Elephant's Graveyard
Balagan Theatre
Through September 26


Balagan Theatre's current production is Elephant's Graveyard by George Brant. The way it is staged (not knowing if this is a script device or a director's choice), there are two sides of the stage: the circus side and the townies' side. It looks at first to be a comedy, although there are perilously few jokes that worked opening night. Perhaps that's because it really isn't a comedy, after all. It's an exploration of human darkness and the kind of horror that lack of attention can cause.

The circus comes to town with elephants. This small town is wild with excitement, since nothing much happens in town and most townies don't ever expect to leave for somewhere more exciting. It is 1916, and the setting reflects small-town life, where there is a regular train through town that everyone can set their watches by.

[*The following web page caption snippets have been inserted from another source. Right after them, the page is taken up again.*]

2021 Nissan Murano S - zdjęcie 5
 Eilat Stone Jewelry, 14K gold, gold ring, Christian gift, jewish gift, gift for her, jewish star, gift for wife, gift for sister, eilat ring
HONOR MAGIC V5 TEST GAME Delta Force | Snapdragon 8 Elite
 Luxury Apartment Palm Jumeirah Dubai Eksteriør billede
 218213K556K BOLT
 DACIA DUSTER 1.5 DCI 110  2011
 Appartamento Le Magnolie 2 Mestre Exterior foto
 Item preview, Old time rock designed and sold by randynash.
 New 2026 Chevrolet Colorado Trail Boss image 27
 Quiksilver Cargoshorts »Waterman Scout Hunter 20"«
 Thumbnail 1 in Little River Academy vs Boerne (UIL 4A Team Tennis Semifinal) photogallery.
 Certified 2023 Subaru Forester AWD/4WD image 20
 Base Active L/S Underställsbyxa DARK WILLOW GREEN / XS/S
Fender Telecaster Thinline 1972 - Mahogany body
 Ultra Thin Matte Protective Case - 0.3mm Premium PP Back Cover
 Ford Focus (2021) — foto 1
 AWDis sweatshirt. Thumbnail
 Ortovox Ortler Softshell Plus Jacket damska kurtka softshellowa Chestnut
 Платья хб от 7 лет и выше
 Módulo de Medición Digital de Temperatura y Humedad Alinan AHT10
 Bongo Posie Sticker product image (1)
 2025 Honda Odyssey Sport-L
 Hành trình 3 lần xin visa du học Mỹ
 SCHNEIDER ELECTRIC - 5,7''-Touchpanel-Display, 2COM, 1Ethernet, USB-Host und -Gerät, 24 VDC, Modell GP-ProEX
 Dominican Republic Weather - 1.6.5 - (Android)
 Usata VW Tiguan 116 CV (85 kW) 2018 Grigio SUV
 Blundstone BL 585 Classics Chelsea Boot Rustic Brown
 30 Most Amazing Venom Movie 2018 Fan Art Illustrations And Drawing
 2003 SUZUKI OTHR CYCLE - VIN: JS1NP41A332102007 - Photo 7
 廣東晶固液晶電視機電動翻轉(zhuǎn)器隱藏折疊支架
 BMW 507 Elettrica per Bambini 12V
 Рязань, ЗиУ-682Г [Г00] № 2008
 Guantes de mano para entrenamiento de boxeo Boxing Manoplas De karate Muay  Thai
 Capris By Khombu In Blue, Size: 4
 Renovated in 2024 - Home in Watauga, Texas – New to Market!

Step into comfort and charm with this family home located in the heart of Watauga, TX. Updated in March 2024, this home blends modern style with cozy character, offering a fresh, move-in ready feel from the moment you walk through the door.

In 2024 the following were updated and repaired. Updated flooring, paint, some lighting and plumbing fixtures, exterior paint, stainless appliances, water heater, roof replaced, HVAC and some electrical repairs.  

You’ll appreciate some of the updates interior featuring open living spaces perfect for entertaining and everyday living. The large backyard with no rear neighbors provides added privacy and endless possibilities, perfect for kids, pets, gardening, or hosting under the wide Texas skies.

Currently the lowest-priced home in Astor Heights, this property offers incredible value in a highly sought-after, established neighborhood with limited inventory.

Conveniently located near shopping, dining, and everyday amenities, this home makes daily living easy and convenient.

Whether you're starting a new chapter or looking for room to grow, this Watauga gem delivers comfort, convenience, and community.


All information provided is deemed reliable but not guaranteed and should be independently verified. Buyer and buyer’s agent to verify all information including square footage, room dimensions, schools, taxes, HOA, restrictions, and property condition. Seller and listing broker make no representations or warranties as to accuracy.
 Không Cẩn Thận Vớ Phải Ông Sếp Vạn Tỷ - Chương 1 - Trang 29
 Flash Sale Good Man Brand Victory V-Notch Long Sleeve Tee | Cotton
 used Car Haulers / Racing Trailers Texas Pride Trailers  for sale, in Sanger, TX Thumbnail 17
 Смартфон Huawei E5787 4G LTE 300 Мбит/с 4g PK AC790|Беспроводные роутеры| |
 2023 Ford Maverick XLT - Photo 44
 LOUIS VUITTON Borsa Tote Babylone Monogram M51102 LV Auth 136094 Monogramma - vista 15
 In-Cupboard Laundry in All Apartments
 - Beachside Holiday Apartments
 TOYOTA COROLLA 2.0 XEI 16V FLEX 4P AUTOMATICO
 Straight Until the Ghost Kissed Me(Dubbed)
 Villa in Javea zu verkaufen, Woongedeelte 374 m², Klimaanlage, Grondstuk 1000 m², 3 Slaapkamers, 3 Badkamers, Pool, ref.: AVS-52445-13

In the circus, the tour manager (Ashley Bagwell) allows an untrained stranger to ride at the head of the regular elephants' parade through town, and the stranger hits the lead elephant badly and the elephant throws the rider off and stomps on him. The town becomes enraged and demands the elephant pay the same price as any human murderer. So should the ringmaster give them what they want, or try to make people understand that the tour manager and the untrained stranger were really at fault? The tour manager heedlessly ignores the elephant trainer (Ray Tagavilla), but the elephant trainer doesn't make enough of a stand to protect his elephants, and the stranger somehow believes he is capable of understanding and riding elephants after only one day in the circus.

The human darkness is evident in the rush to judgment and the demand for blood. The elephant did what was natural and even appropriate, but the townies do not budge in their demands. Somehow, they expect a kind of purification by killing the elephant.

This is an ensemble piece and there are nicely done roles - in particular Sharon Barto, who plays a young kid enthralled with elephants, Michael D. Blum as the ringmaster with the ultimate decision, Jose Amador, representing the people of color in town, and a heart-tugging performance by Ray Tagavilla as the elephant trainer as he loses the fight for his elephants and has to do the unthinkable as an act of kindness.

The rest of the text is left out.